An organisation of engineers has called on the Government to push forward with plans to build Lisbon’s new international airport.

Carlos Matias Ramos of The Beadle of the Order of Engineers said that the Government needed to set out a long-term public works investment strategy within the Transport Strategic Plan, or PET.

Speaking on the sidelines of a conference into the PET in Lisbon, Carlos Matias Ramos said the Government “should advance with the new airport”.

He argued that the country needed a new main international airport because Lisbon’s existing Portela airport would “reach saturation point in the short term” and the new airport would take “at least seven years to build”.

Carlos Matias Ramos added that the construction of the new airport would mean that Madrid airport would not become “more important than Lisbon” on the Iberian Peninsula as a gateway to Africa and Latin America.

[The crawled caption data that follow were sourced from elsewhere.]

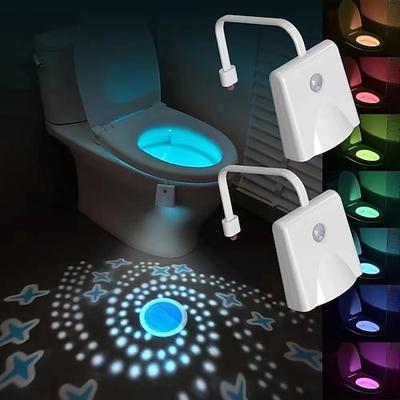 Toiletten-Nachtlicht, wiederaufladbar, mit Bewegungssensor, aktiviertes Farbwechsel-LED-Licht fürs Badezimmer, cooles, lustiges Badezimmer-Dekor-Accessoire
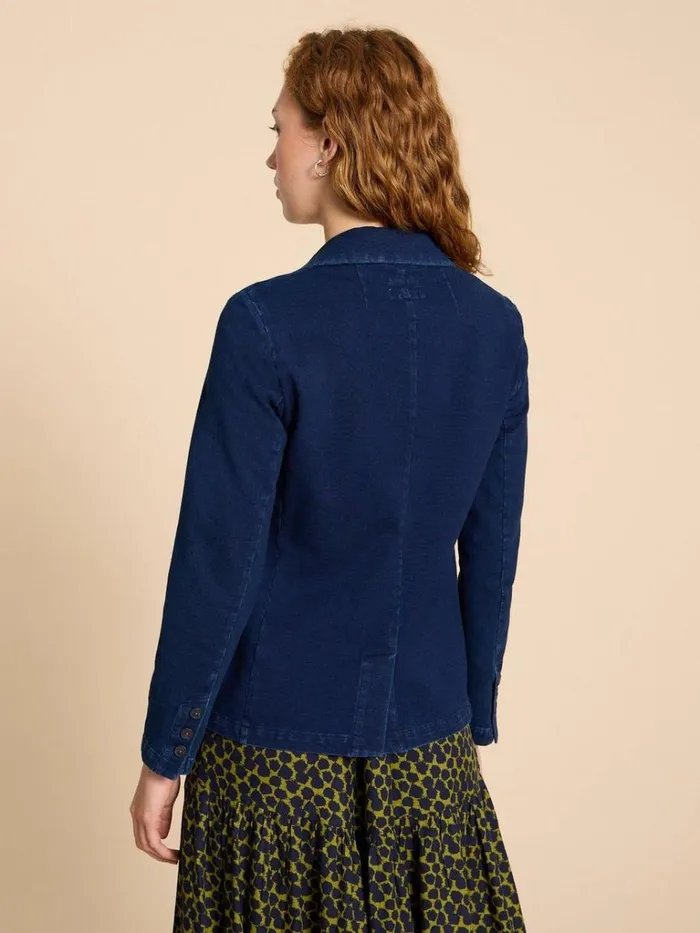 Women COATS and JACKETS White Stuff Olivia Cotton Jersey Blazer Dk Denim Women COATS and JACKETS White Stuff Olivia Cotton Jersey Blazer Dk Denim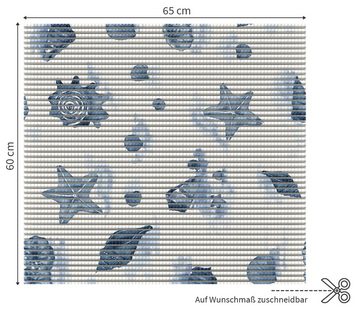 matches21 HOME & HOBBY Antirutschmatte Waschmaschinenauflage Muschel bunt 65 x 60 cm rutschfest, Waschmaschinenabdeckung als Abdeckung für Waschmaschine und Trockner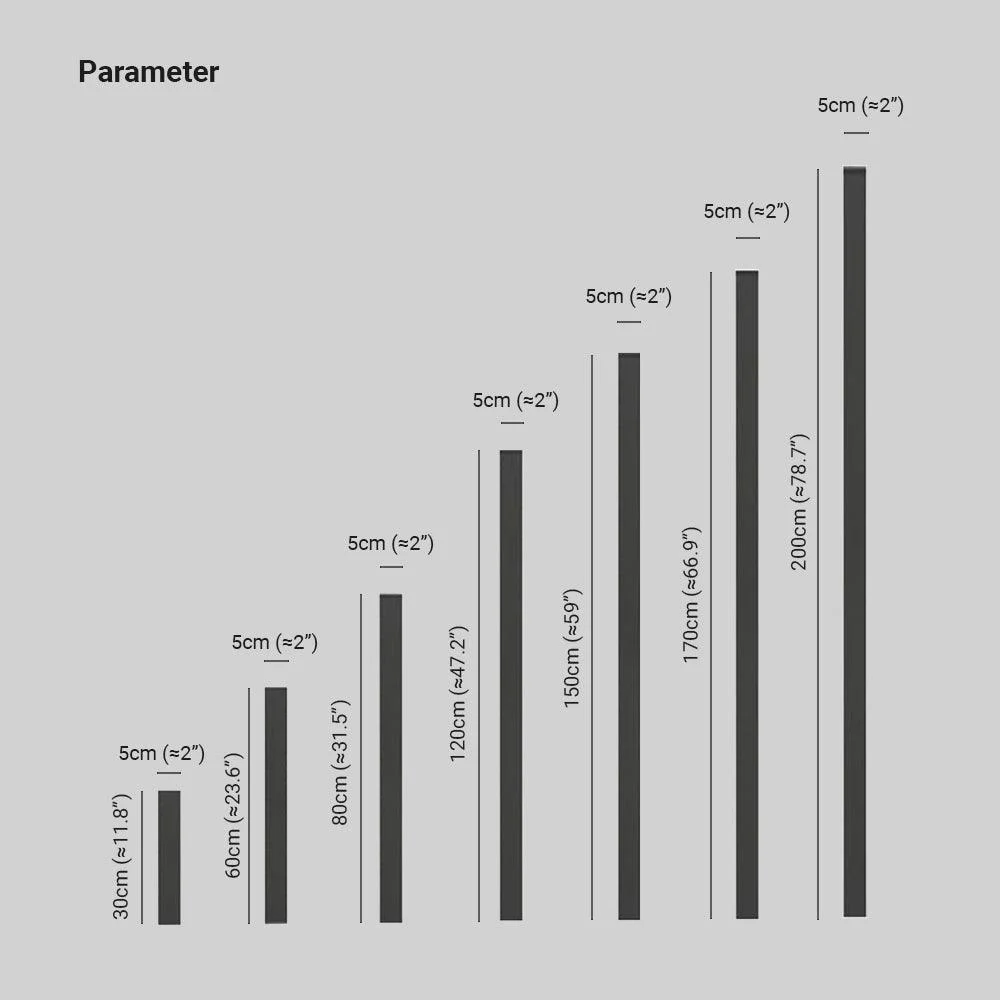 EdgeLux – Black LED Wall Lamps for Garden and Hall -  - #tag1#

He said that the growth in passengers at Portela had been “remarkable” and, according to forecasts, would continue to grow.

According to the PET for the period 2011-2015, “the Government is to review guidelines on its reasons which had served as the basis for decisions to build the new airport”.

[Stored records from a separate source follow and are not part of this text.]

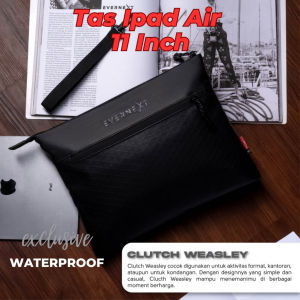 Tas Tablet 11 Inch Anti AIr Waterproof Clutch Bag Ipad Air 11 Inch Premium Branded Tablet Bag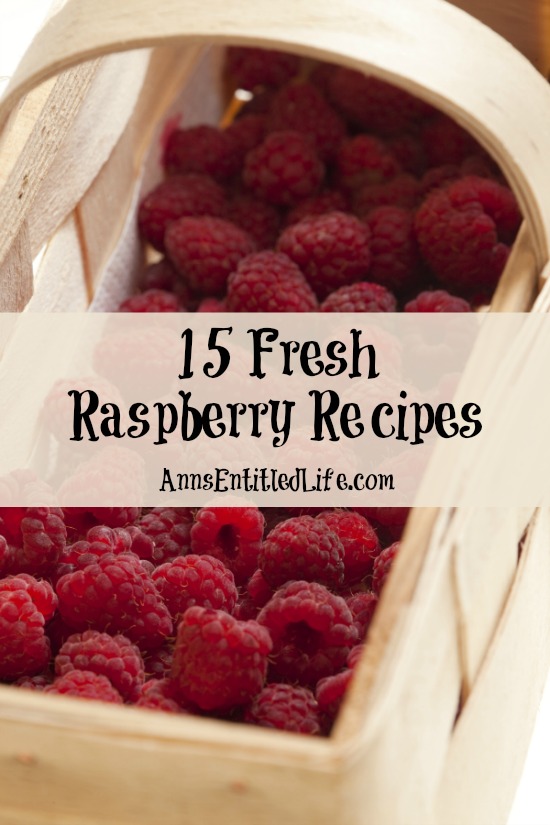 15 Fresh Raspberry Recipes. Enjoy the sweet and tart flavorful taste of freshly picked summer raspberries with these delicious 15 fresh raspberry recipes.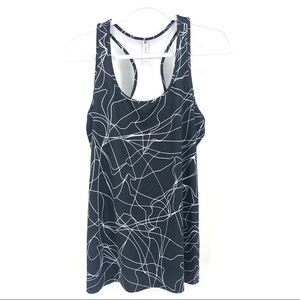 FABLETICS Size Medium Black & White Racerback Tank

The Government has temporarily shelved the new airport plan in order to give priority to expansion plans at Portela and get the maximum profitability from existing capacity.

Carlos Matias Ramos said that the PET was “more like a budget than a plan”, adding that the document had a “financial logic rather than a strategic one”.

As late as October 2010, the then Socialist PS government of José Sócrates had planned to move ahead with Lisbon’s New International Airport, despite delays, and the cost of the project was initially included in the State Budget for 2011.

To organise the new airport project, the Government set up a company called NAER and slated 2017 as its initial completion date.

The new airport was initially to be located at Ota near Alenquer, but then plans shifted to the south side of the Tejo at Alcochete. Other sites mooted since the early 1970s have included Rio Frio, also very near Lisbon.

It is still not certain now that the existing airport at Portela will ever be closed given that the Government has spent considerable sums in recent years modernising and expanding existing facilities, improving the duty free shopping and restaurant area and including a second Terminal 2 for regional flights. It is also currently extending the metro line to the existing airport.

In May 2010, the PS Government put the project on ice because of the financial and economic crisis. The cost of the new airport could be up to €6 billion. It is projected to deal with traffic of 22 million passengers a year and retain a 50 year concession.